Tout à coup il eut envie d’y entrer pour se rappeler et ressentir comment c’était avant. Dedans ça sentait l’urine évidemment. Des détritus jonchaient le sol et les parois étaient recouvertes de graffitis bafouillants et vicieux. Ça lui était égal, car il se sentait à l’abri dans cette cabine puante. Il souleva le récepteur et se réjouit d’entendre une tonalité. Son passé refluait avec douceur, la nostalgie aussi.

« Clic-tap, clic-tap, clic-tap, clic-tap, clic-tap … » Un bruit étrange venant de la rue interrompit la mélodie de ses souvenirs. « Toc-toc !, et voilà qu’on frappe maintenant !» Agacé il se retourna pour voir qui le dérangeait. Derrière la vitre sale une mince silhouette grisâtre se dessinait. L’intrus ouvrit la porte doucement et lança dans un sourire « Happy New Year ! » L’homme désormais excédé s’apprêtait à chasser le perturbateur lorsqu’il remarqua que ce dernier qui s’appuyait sur des béquilles n’avait qu’une jambe. Jaugeant sa mine chafouine, ses hardes, ses cheveux fous et ses mauvaises dents, il comprit en cinq secondes. C’était un junky.

Il sortit de son refuge et répondit en souriant (même s’il sentait les larmes lui piquer la gorge)

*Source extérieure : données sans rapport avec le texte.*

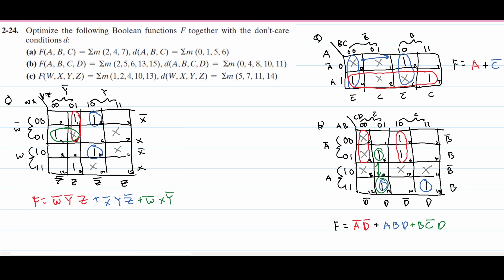Now we have another 1 down here. We can't pair it with the earlier one since we couldn't pair it then. We can pair it with this x. This x is being used multiple times. We won't be able to use our W's, but we can use X. We're going to be in the Y0 column and also the Z column, so we get X·Y0·Z. This is what our answer is going to look like for Part C, and we have solved all of these.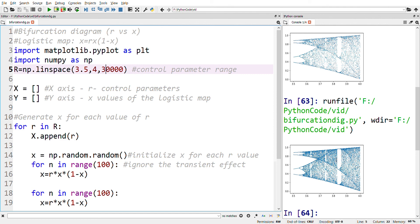We can see it takes a little more time, but we get a better picture when we plot more points in the bifurcation diagram. This program shows how to plot the bifurcation diagram for the logistic map. The same code can be used to plot for any one-dimensional chaotic map.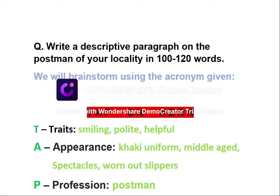Hello everyone. Welcome to my channel English for All Reasons Good. Today I am here with yet another example of writing a descriptive paragraph based on a person. The topic that I have taken today is the postman of your locality. It is again in 100 to 120 words, worth 5 marks.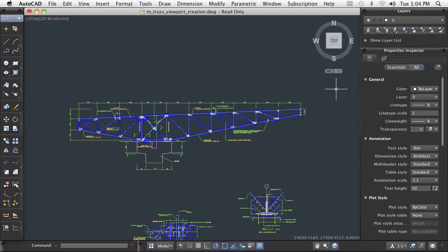In this demonstration, I will create several layout viewports and show how they can be manipulated within a layout. Layout viewports are used to present model geometry for the purpose of output. Layout viewports, or simply viewports, are geometric windows drawn on a layout that let you see into model space.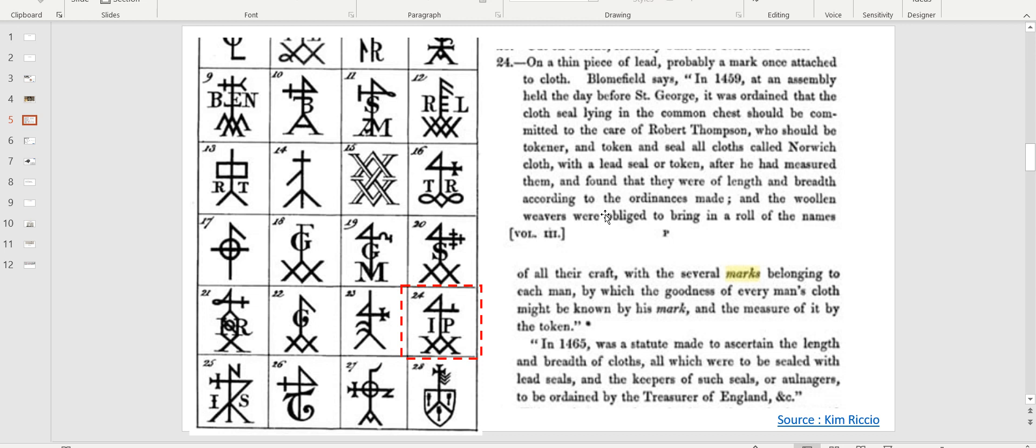And he was in charge of ISO 9000, if you wish. He was in charge of stamping that those roles were correctly under the measure and quality of fabric. The story continues saying the woolen weavers were obliged to bring a role with the name of the craft, and several marks belonging to each trade, which the goodness of Richmond's clothes might be known by his mark, and the measure would be certified by the token. Then a statute made to ascertain the length and breadth, again, quality. The keeper of the lead seals were called Old Nagar, and they were ordered directly by the treasurer of England. That's very interesting. You'll note T and E, right? Treasurer of England. That rang a bell at one point.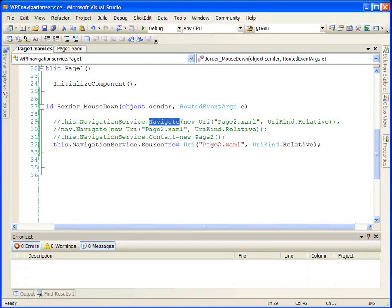As you can see, there are a number of ways to use the NavigationService to navigate in a navigation-based WPF application.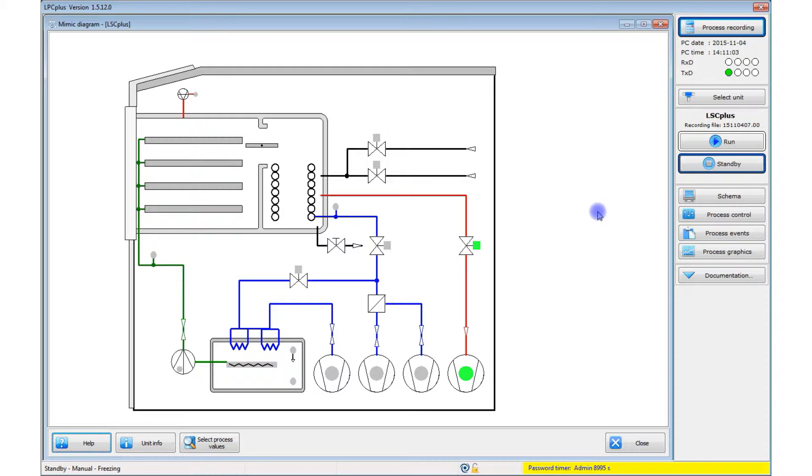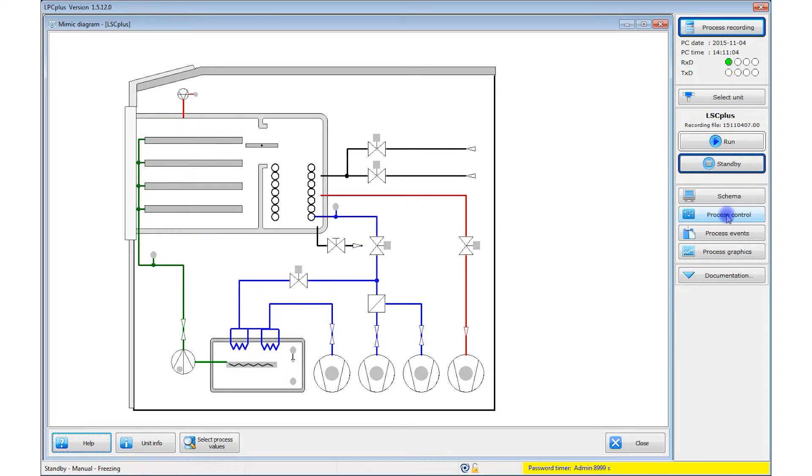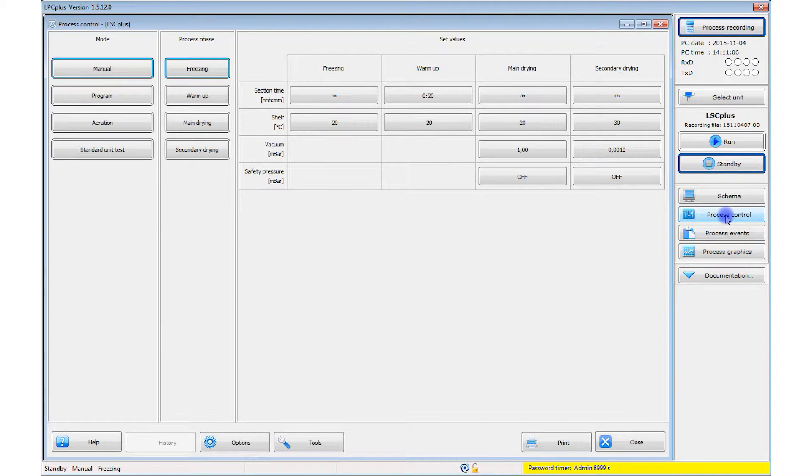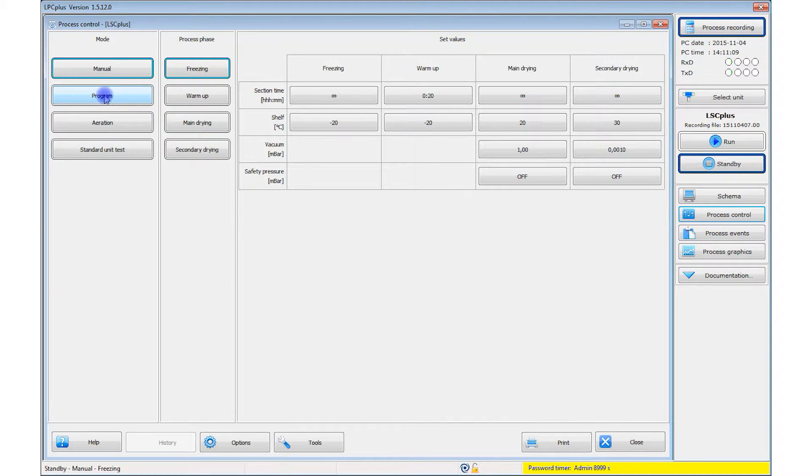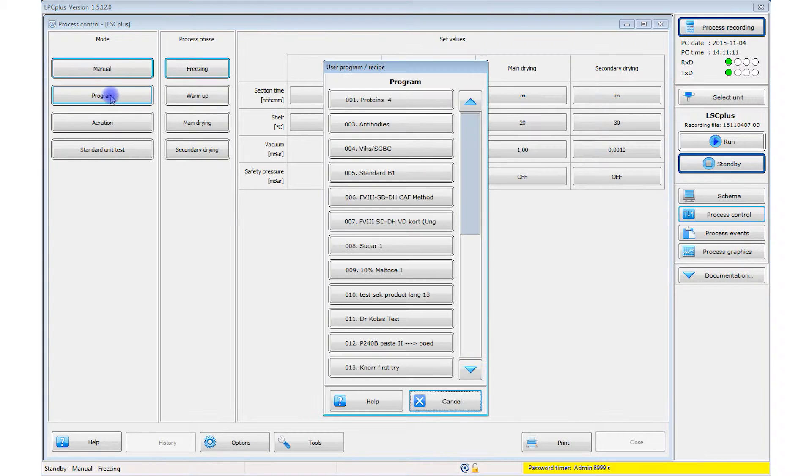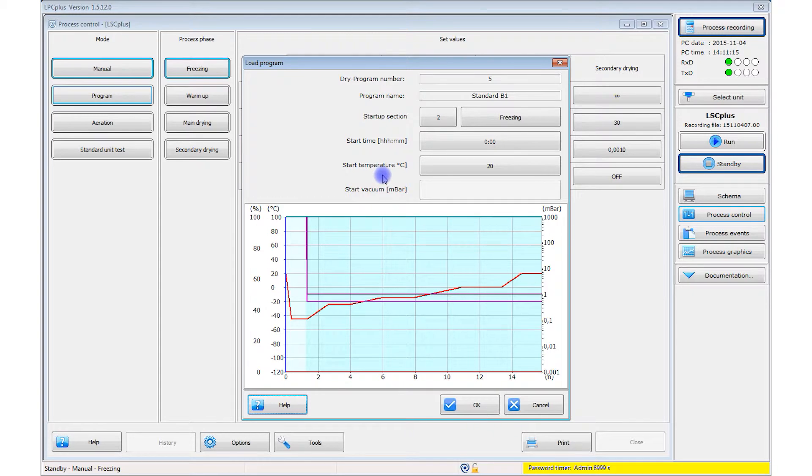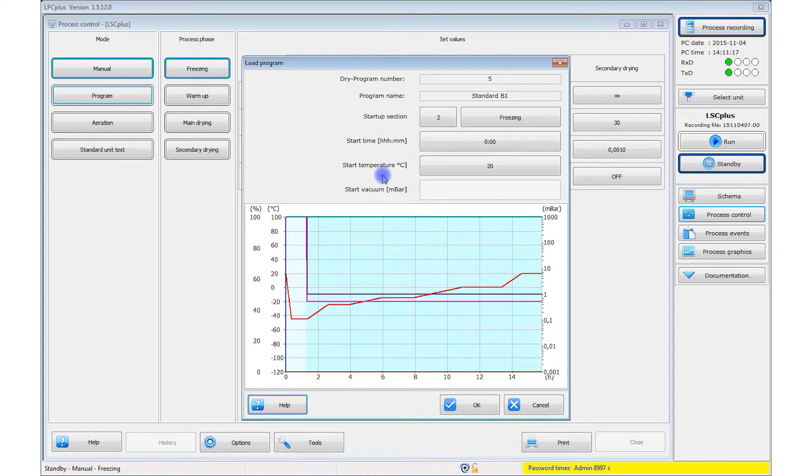To start a process, select the process control menu item. In the window that opens, go to program. Select a stored recipe from the integrated recipe library. After you select a recipe, you see a graphic with a process curve.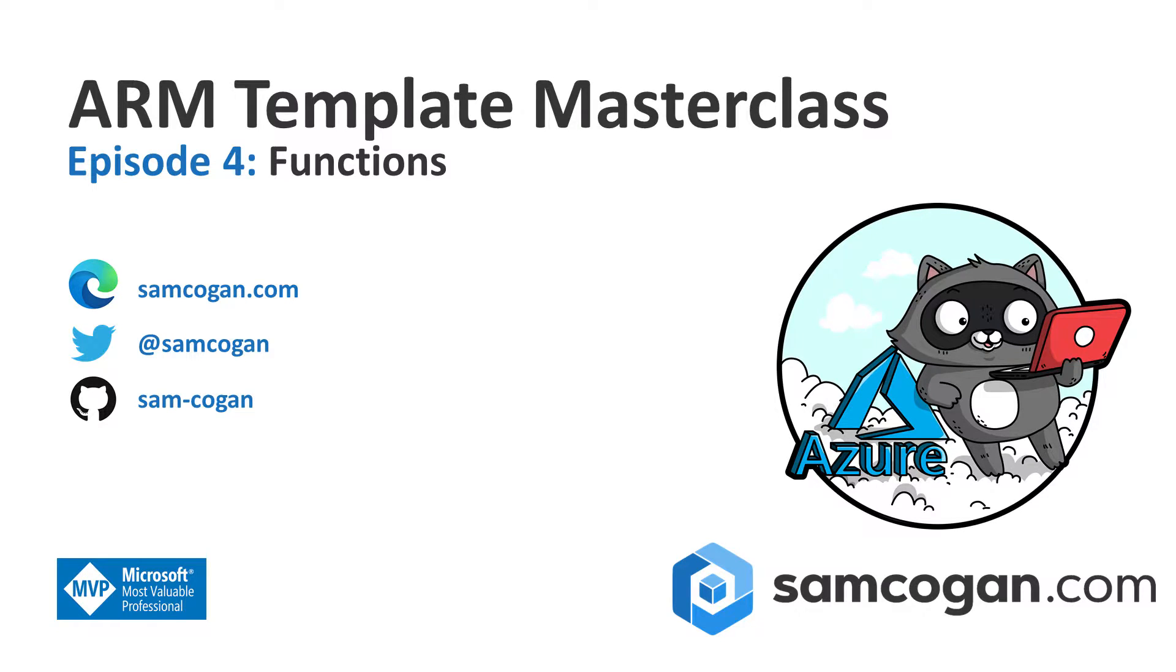Hi everyone, and welcome to episode 4 of ARM Template Masterclass. This week we're going to be taking a look at functions.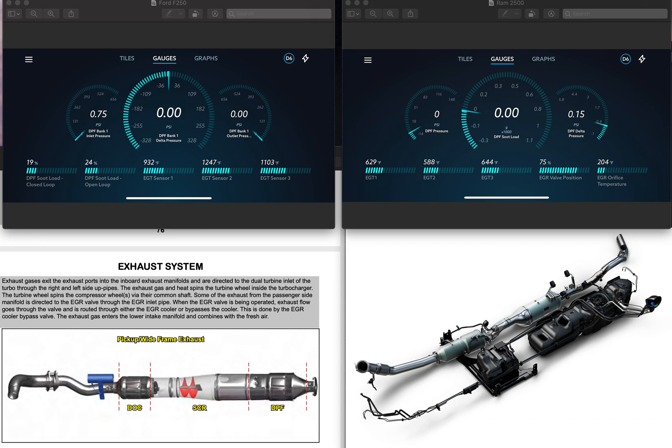Welcome back. This video I will be breaking down my observations between the Ford exhaust system and regen process versus the Ram exhaust system and regen process. To your left I have the EZ-Link, a little snapshot of the EZ-Link, and then a snapshot of the Ford pickup truck exhaust system layout. To your right is the Ram 2500 exhaust and the exhaust system layout below it.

« Happy New Year ! » Puis ayant ravalé sa salive il regarda le paria dans les yeux et de lui dire:

– Tu sais moi aussi j’étais comme toi…un junky. Avant.

– Vraiment ?!

– Oui, c’est vrai.

– Oooh, c’est tellement dur cette vie ! C’est vraiment chiant. Comment tu as fait toi ? Pour t’en sortir.

– …

– Comment t’as fait ?

– La chance, juste la chance.

Les deux hommes se sont tus un moment. Le junky se racla la gorge, l’autre se mit à fourrager dans les poches de sa veste pour réunir tout l’argent qu’il pouvait. Il lui donna quelques billets et beaucoup de pièces. Quinze livres environ. L’invalide n’en croyait pas ses yeux. Reconnaissant il a tendu sa main pour serrer celle de son bienfaiteur avant de la retirer, honteux de cette pauvre main boursouflée et noire de crasse. Ils se saluèrent mal-à-l’aise et graves comme des hommes qui ont vu quelque chose d’interdit et font tout pour l’oublier. Puis chacun a repris son chemin.